10.1037/1045-3830.23.1.26

PMID

unavailable

Abstract

Research on effectiveness of school bullying interventions has lagged behind descriptive studies on this topic. The literature on bullying intervention research has only recently expanded to a point that allows for synthesis of findings across studies. The authors conducted a meta-analytic study of school bullying intervention research across the 25-year period from 1980 through 2004, identifying 16 studies that met our inclusion criteria. These studies included 15,386 K through 12 student participants from European nations and the United States.

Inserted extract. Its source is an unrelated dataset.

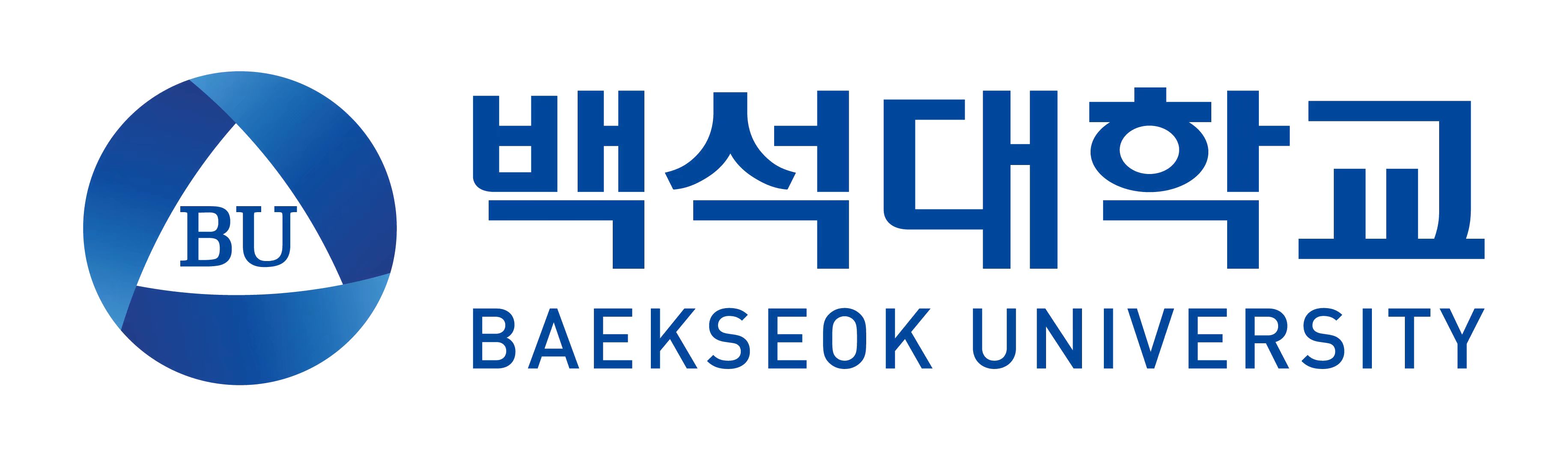 韩国白石大学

Applying standard meta-analysis techniques to obtain averaged effect size estimates across similar outcomes, the authors found that the intervention studies produced meaningful and clinically important positive effects for about one-third of the variables. The majority of outcomes evidenced no meaningful change, positive or negative. The authors conclude that school bullying interventions may produce modest positive outcomes; that they are more likely to influence knowledge, attitudes, and self-perceptions rather than actual bullying behaviors; and that the majority of outcome variables in intervention studies are not meaningfully impacted.